» **Exercise goal**
The entries below should be written out again exactly as they stand.

Records from a data source:

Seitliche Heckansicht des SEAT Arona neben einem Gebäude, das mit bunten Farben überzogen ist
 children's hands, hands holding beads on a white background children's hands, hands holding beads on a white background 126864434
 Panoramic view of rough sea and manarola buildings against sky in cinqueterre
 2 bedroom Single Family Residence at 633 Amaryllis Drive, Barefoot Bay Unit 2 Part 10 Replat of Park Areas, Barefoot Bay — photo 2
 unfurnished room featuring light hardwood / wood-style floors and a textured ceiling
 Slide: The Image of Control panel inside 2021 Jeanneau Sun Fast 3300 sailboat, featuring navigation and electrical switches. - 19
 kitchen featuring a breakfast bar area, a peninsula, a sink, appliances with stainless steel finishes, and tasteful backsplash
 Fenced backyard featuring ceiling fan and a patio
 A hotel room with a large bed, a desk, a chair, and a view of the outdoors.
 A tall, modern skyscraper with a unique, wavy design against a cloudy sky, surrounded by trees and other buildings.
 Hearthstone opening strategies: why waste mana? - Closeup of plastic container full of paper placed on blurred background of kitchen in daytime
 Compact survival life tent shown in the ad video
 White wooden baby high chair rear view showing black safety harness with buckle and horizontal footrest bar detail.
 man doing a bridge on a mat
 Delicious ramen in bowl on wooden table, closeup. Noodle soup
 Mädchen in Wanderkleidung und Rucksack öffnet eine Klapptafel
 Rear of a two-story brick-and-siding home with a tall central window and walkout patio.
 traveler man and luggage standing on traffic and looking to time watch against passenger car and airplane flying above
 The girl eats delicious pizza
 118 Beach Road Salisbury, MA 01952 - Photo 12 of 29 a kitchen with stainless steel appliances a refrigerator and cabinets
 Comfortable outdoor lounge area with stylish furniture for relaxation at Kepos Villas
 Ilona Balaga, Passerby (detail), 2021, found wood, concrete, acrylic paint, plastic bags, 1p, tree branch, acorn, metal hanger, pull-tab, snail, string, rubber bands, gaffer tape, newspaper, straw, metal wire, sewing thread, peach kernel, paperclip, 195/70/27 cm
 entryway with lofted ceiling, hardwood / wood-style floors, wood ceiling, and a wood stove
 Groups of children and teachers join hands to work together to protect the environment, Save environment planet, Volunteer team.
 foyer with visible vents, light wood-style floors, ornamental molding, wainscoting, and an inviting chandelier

» **Result below**
Seitliche Heckansicht des SEAT Arona neben einem Gebäude, das mit bunten Farben überzogen ist
 children's hands, hands holding beads on a white background children's hands, hands holding beads on a white background 126864434
 Panoramic view of rough sea and manarola buildings against sky in cinqueterre
 2 bedroom Single Family Residence at 633 Amaryllis Drive, Barefoot Bay Unit 2 Part 10 Replat of Park Areas, Barefoot Bay — photo 2
 unfurnished room featuring light hardwood / wood-style floors and a textured ceiling
 Slide: The Image of Control panel inside 2021 Jeanneau Sun Fast 3300 sailboat, featuring navigation and electrical switches. - 19
 kitchen featuring a breakfast bar area, a peninsula, a sink, appliances with stainless steel finishes, and tasteful backsplash
 Fenced backyard featuring ceiling fan and a patio
 A hotel room with a large bed, a desk, a chair, and a view of the outdoors.
 A tall, modern skyscraper with a unique, wavy design against a cloudy sky, surrounded by trees and other buildings.
 Hearthstone opening strategies: why waste mana? - Closeup of plastic container full of paper placed on blurred background of kitchen in daytime
 Compact survival life tent shown in the ad video
 White wooden baby high chair rear view showing black safety harness with buckle and horizontal footrest bar detail.
 man doing a bridge on a mat
 Delicious ramen in bowl on wooden table, closeup. Noodle soup
 Mädchen in Wanderkleidung und Rucksack öffnet eine Klapptafel
 Rear of a two-story brick-and-siding home with a tall central window and walkout patio.
 traveler man and luggage standing on traffic and looking to time watch against passenger car and airplane flying above
 The girl eats delicious pizza
 118 Beach Road Salisbury, MA 01952 - Photo 12 of 29 a kitchen with stainless steel appliances a refrigerator and cabinets
 Comfortable outdoor lounge area with stylish furniture for relaxation at Kepos Villas
 Ilona Balaga, Passerby (detail), 2021, found wood, concrete, acrylic paint, plastic bags, 1p, tree branch, acorn, metal hanger, pull-tab, snail, string, rubber bands, gaffer tape, newspaper, straw, metal wire, sewing thread, peach kernel, paperclip, 195/70/27 cm
 entryway with lofted ceiling, hardwood / wood-style floors, wood ceiling, and a wood stove
 Groups of children and teachers join hands to work together to protect the environment, Save environment planet, Volunteer team.
 foyer with visible vents, light wood-style floors, ornamental molding, wainscoting, and an inviting chandelier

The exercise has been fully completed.